Deployment of the Kubernetes Resources

Assuming you happen to have access to a Kubernetes cluster, follow the instructions of the GitHub repo blog-signal-searching to simplify the generation of resource files. I’d recommend you use the demo deployment option using kustomize.

What I Learned

There is a noticeable difference between temperature and surface pressure in terms of period. In all climates around the world, across continents, with varying altitude, a 24-hour period for temperature changes is easy to observe. The Sun rises, temperature goes up, the Sun goes down and temperature follows. Some of the coastal cities with less solar exposure such as Copenhagen, Montevideo, Reykjavik or Wellington, this effect is a bit weaker but still observable.

On the other hand, the surface pressure analysis is very different. There are two forces that impacts the surface pressure according to NSF National Center for Atmospheric Research:

The semidiurnal (12-hour period) oscillation that is primarily due to solar heating through the ozone layer.
The diurnal (24-hour period) oscillation that is due to heating from the water vapor and heating from the land masses.

The article I quoted explains that the diurnal pressure oscillation is comparable to the semidiurnal pressure oscillation in magnitude over much of the globe except for the low-latitude open oceans. Over many land areas, including western United States, the Tibetan Plateau, and eastern Africa, the diurnal pressure oscillation is even stronger than the semidiurnal one. Authors of the article consider this to be in contrast to the conventional notion that semidiurnal oscillation predominates over much of the globe.

I include few example city plots for the 365-day period between March 21st, 2025 and March 21st, 2026 from the web interface of the weather-spectrum analyzer.

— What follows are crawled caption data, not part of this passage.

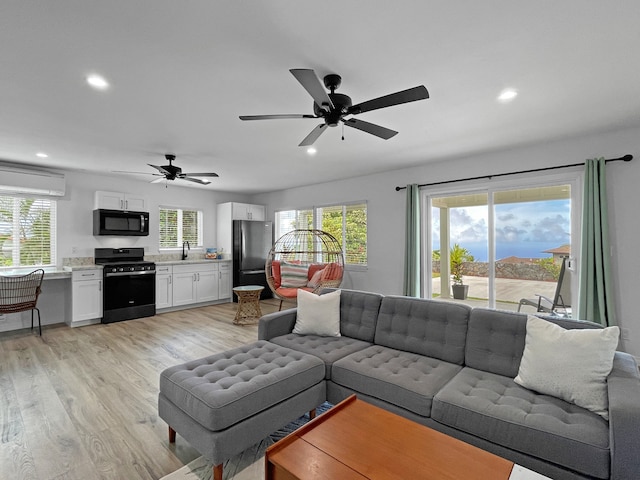 living room featuring light hardwood / wood-style floors, ceiling fan, and plenty of natural light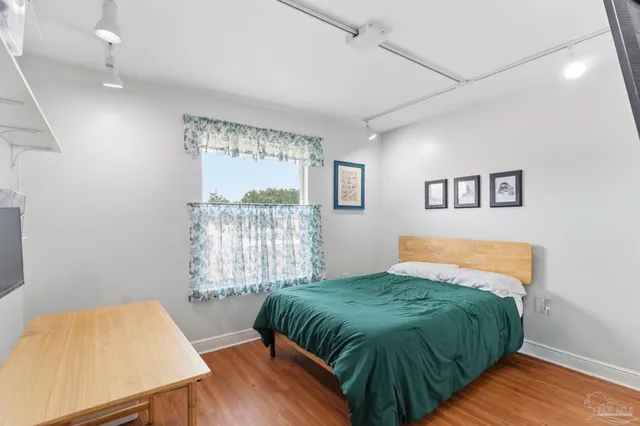 a bedroom with a bed and window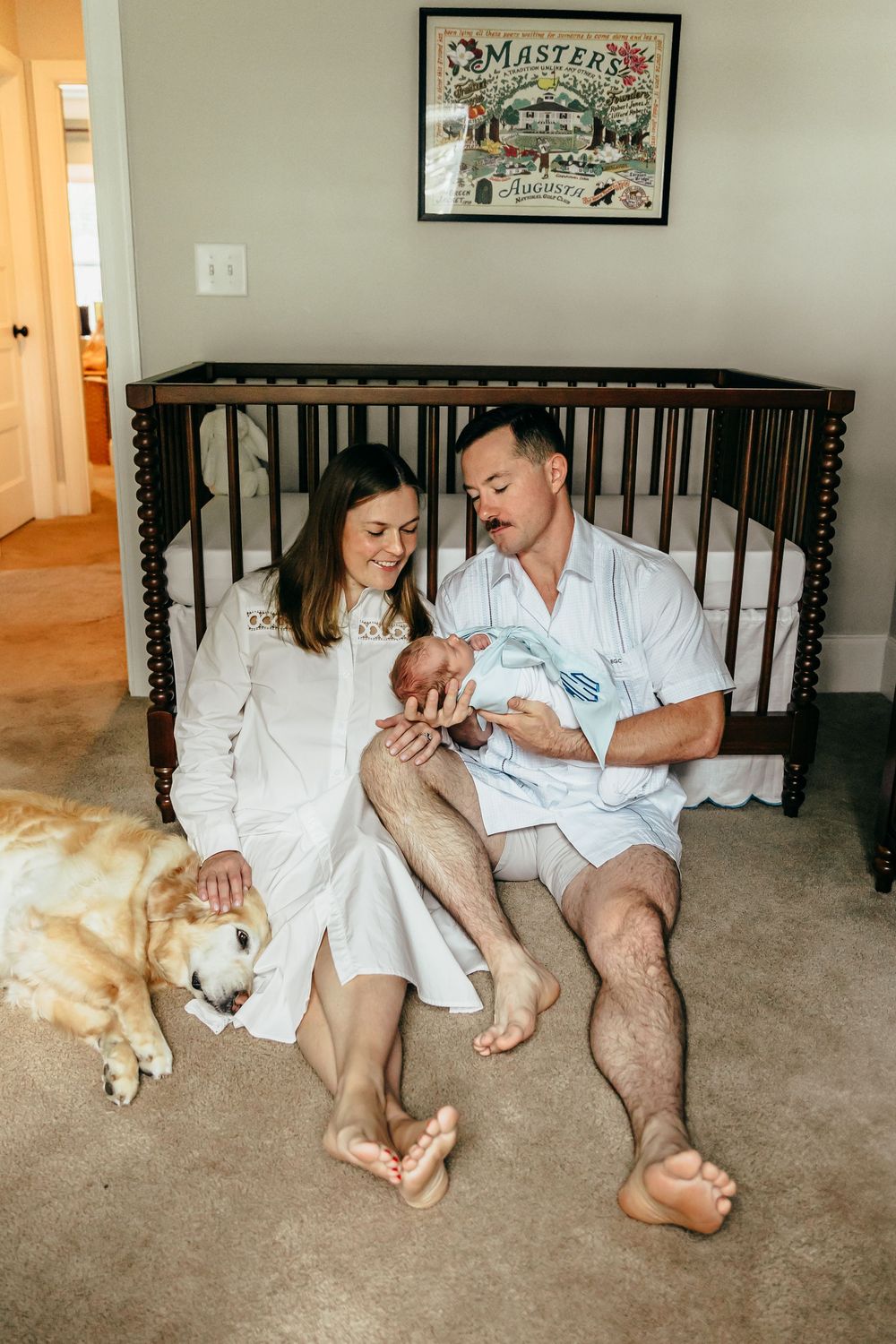 New parents sit on nursery floor with newborn baby and golden retriever dog beside a dark wood crib.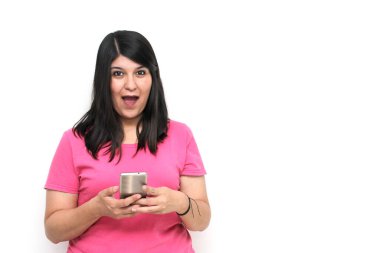 Young adult woman with black hair and pink t-shirt writes, sends and receives messages on her cell phone excitedly shopping online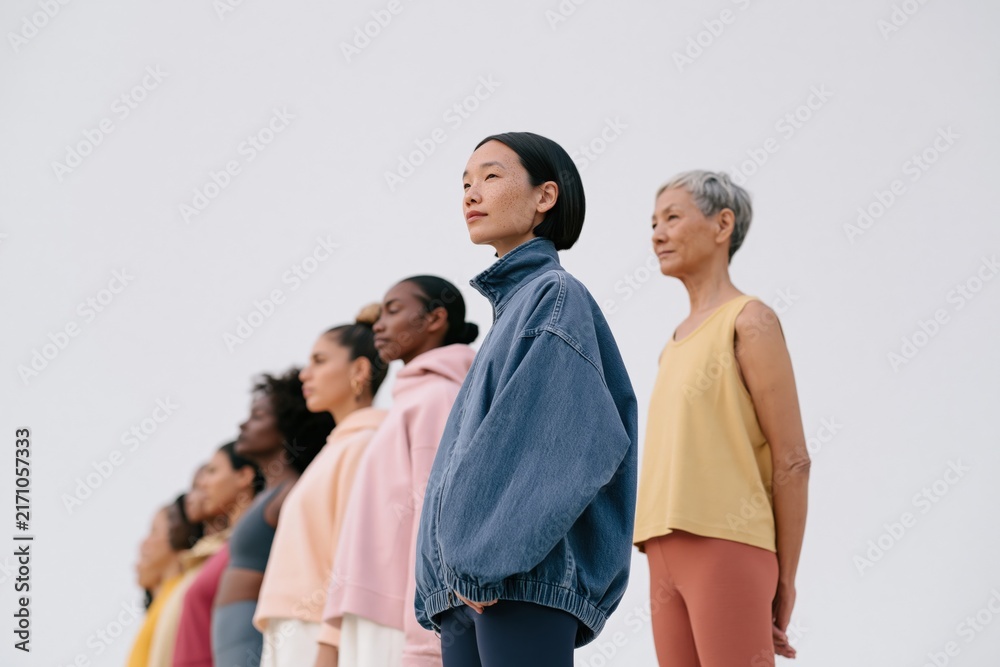 Obraz premium Diverse multigenerational women standing in line for wellness and empowerment banner background for active lifestyle design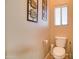 Cozy powder room features a toilet and tile flooring at 708 E Dry Creek Rd, San Tan Valley, AZ 85143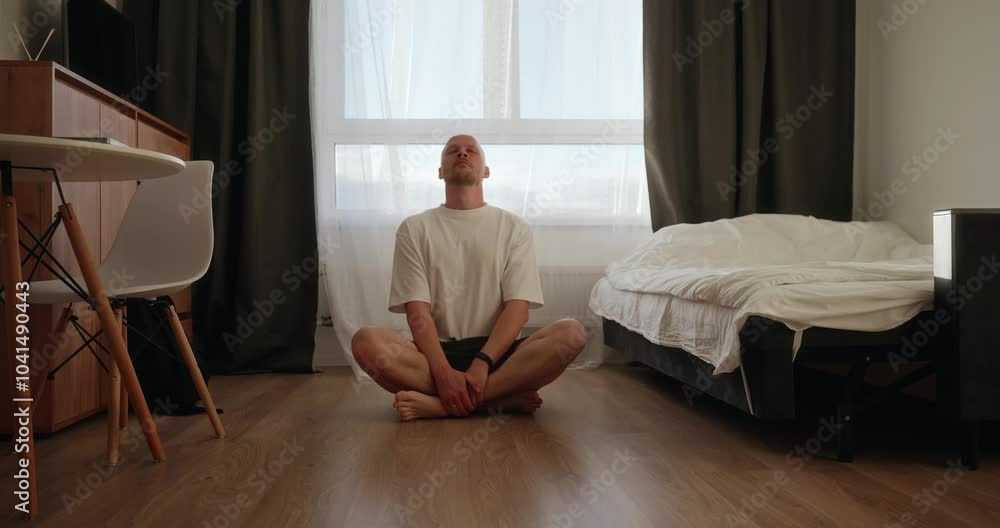 A freelance man is sitting on the floor in his bright apartment against the background of a window. A man does breathing exercises to calm down and distract himself from his work. High quality 4k A freelance man is sitting on the floor in his bright apartment against the background of a window. A man does breathing exercises to calm down and distract himself from his work. High quality 4k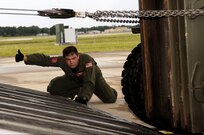 Staff Sgt. Dustin Canterbury, C-17 loadmaster from Altus Air Force Base, checks the clearance of a 10K forklift being loaded onto the aircraft. Medical supplies and vehicals were loaded up at MacDill AFB before heading to Beaumont, Texas, to assist in preparation for hurricane Gustav evacuation efforts.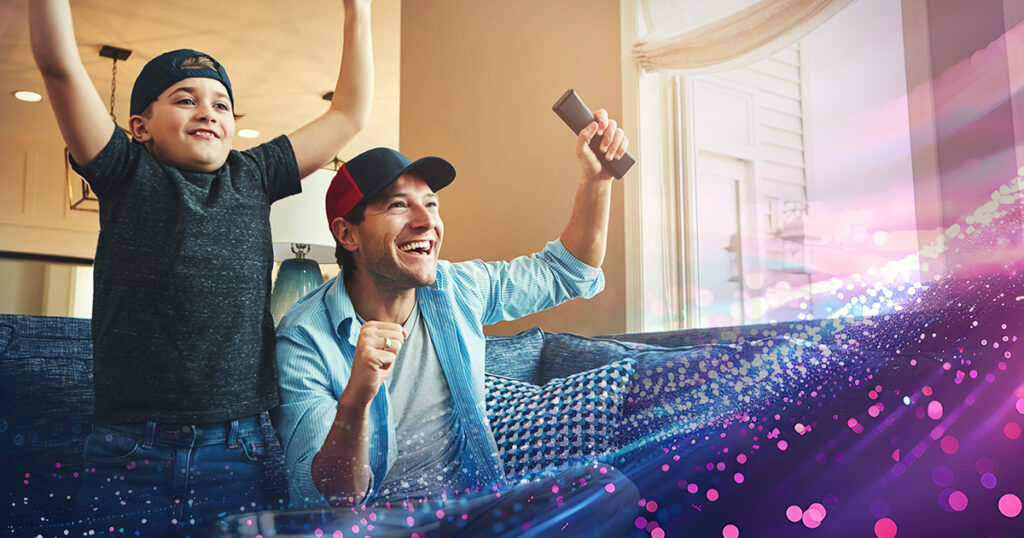 Father and son cheering on their favourite sports team on TV.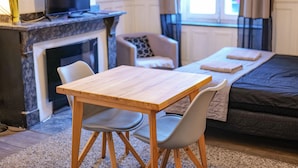 A cozy room with a wooden table and two chairs, a sofa, a TV, and a fireplace. - Les Cinq Lys (Carcassonne)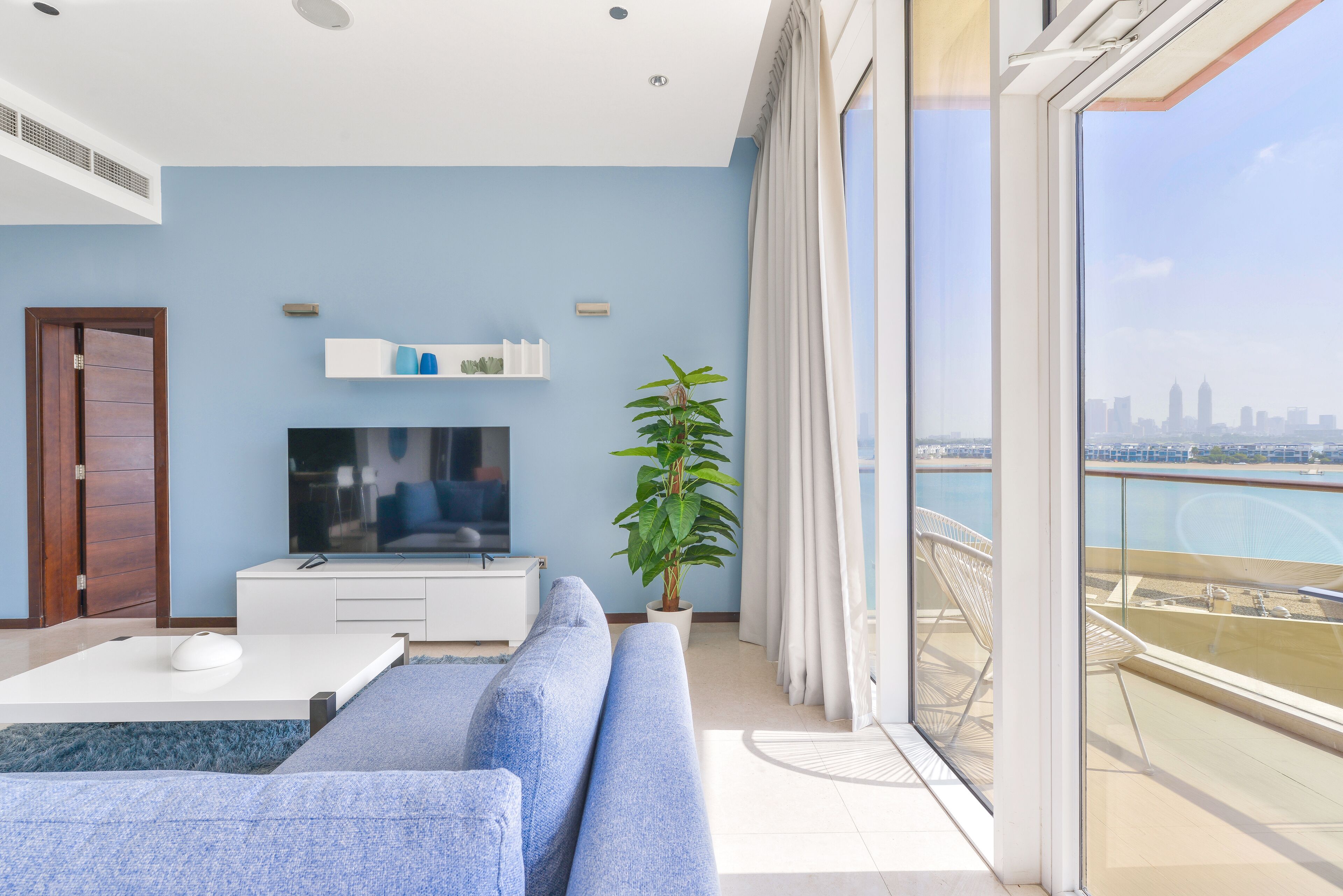 A modern living room with a flat-screen TV, a sofa, a coffee table, and a potted plant.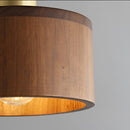 Walnut wood pendant lamp inspired by Japanese woodworking, featuring a cylindrical shade made from layers of stained hardwood and plywood, creating a warm, ambient light.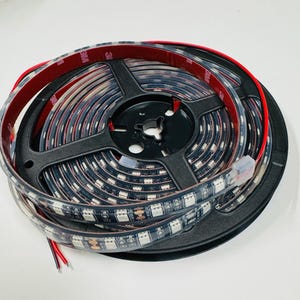Puede incluir: Un rollo de tira de luz LED negra con respaldo adhesivo 3M. La tira est&aacute; enrollada alrededor de un carrete de pl&aacute;stico negro con un cable rojo y negro que sale del extremo.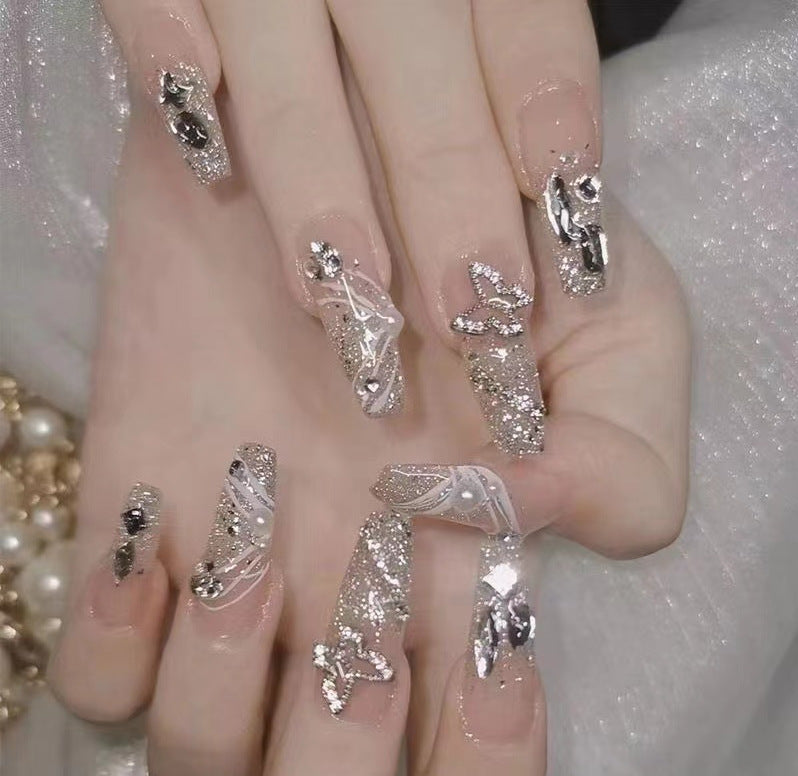 Kunstvolle Nagelkunst mit Glitzer- und Blumenapplikationen Brehn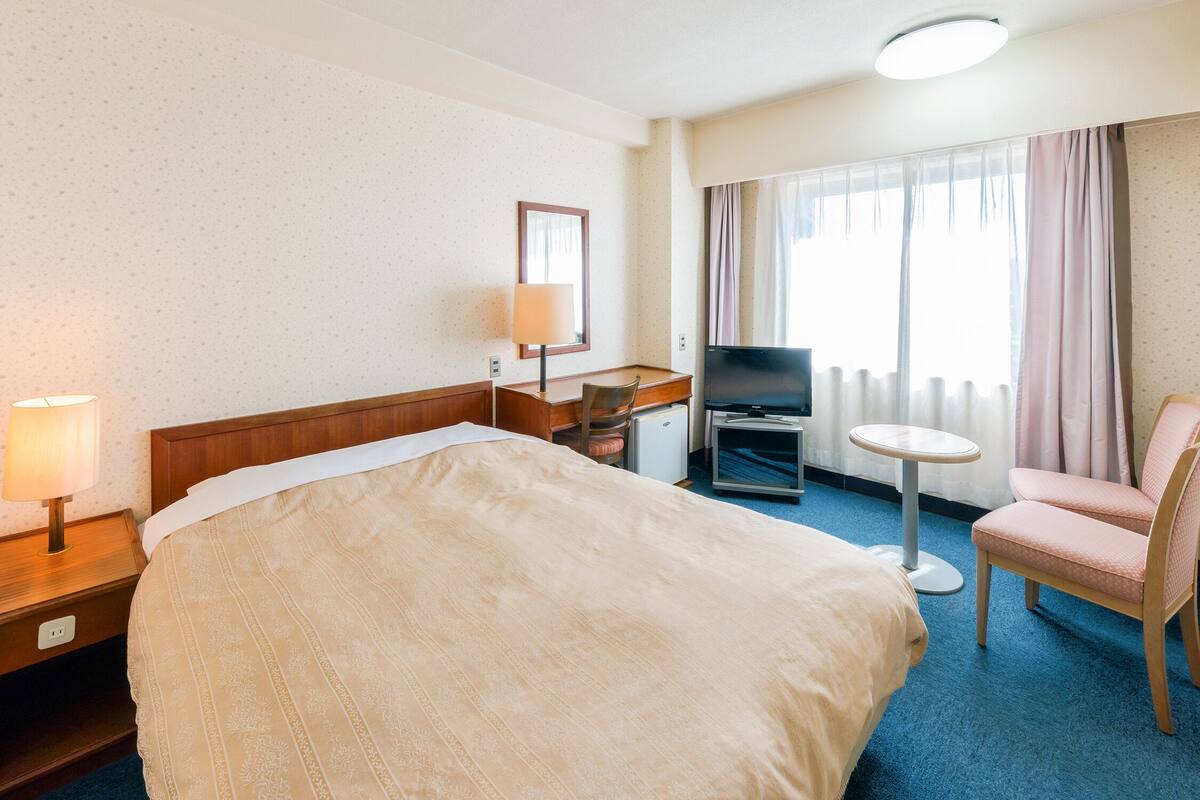 Ein Hotelzimmer mit einem Bett, einem Schreibtisch mit Fernseher, einem Sessel und einem kleinen Tisch.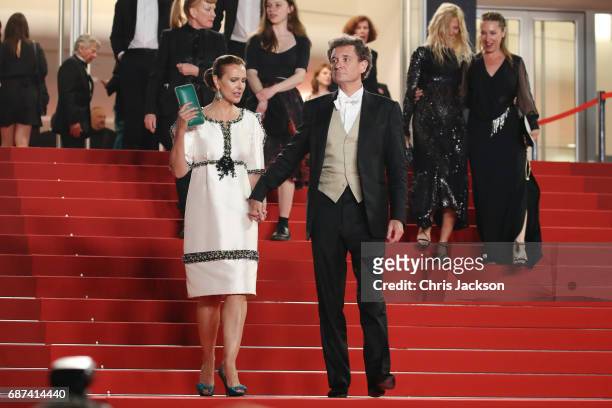 Carole Bouquet and Philippe Sereys de Rothschild leave the "Hikari " screening during the 70th annual Cannes Film Festival at Palais des Festivals on...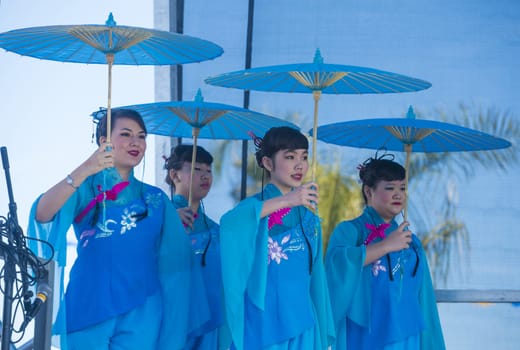 LAS VEGAS - FEB 09 : Chinese folk dancers perform at the Chinese New Year celebrations held in Las Vegas , Nevada on February 09 2014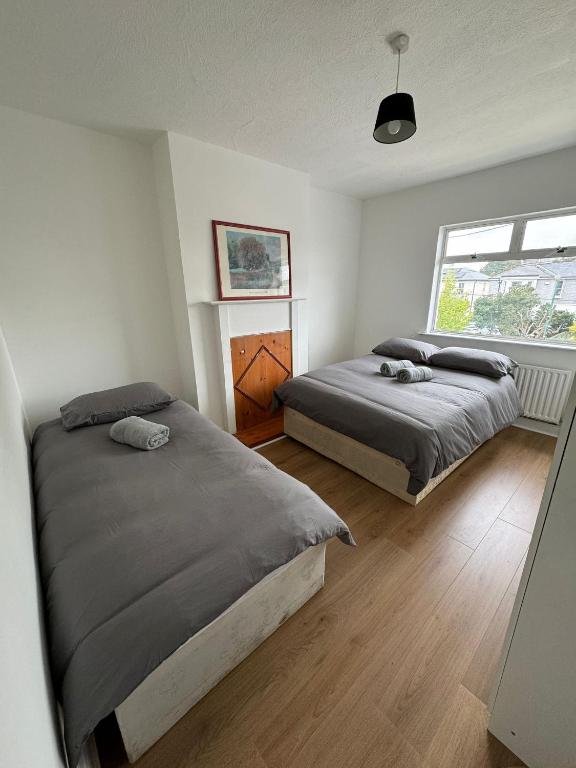 um quarto com 2 camas e uma janela em Nice Triple Room at 2 Iveragh Rd-7 em Dublin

low-a12toa24 Frequency plot for cities with low semi-diurnal/diurnal period ratio for surface pressure.

A sizable number of cities out of 100 that I chose show significant diurnal periodicity for the surface pressure change. As the paper mentioned Western US cities such as Seattle or Las Vegas, Beijing which is at the end of the Tibetan Plateau or Johannesburg in Eastern Africa all exhibit significant surface air pressure peaks for the 24-hour period. However, even for these cities as well as all others the 12-hour peak on the frequency plot is easily visible.

high-a12toa24 Frequency plot for cities with high semi-diurnal/diurnal period ratio for surface pressure.

The majority of the 100 cities exhibit significant surface air pressure peaks for the 12-hour period. In cities such as Casablanca, Miami or Cape Town, the only meaningful air-pressure period is the effect of solar heating through the ozone layer. Reykjavik is an interesting example where even though the semi-diurnal period is noticeable, there are many other factors such as strong winds due to jet streams impacting the air-pressure with longer periods.

If you are curious, play with the tool where you will find out that many other Northern latitude cities in Europe as well as in North America such as Toronto and Chicago have a profile similar to Reykjavik.

Blog’s lead image was generated using the inspirational material from Grant Sanderson 3Blue1Brown article on Fourier transform animation.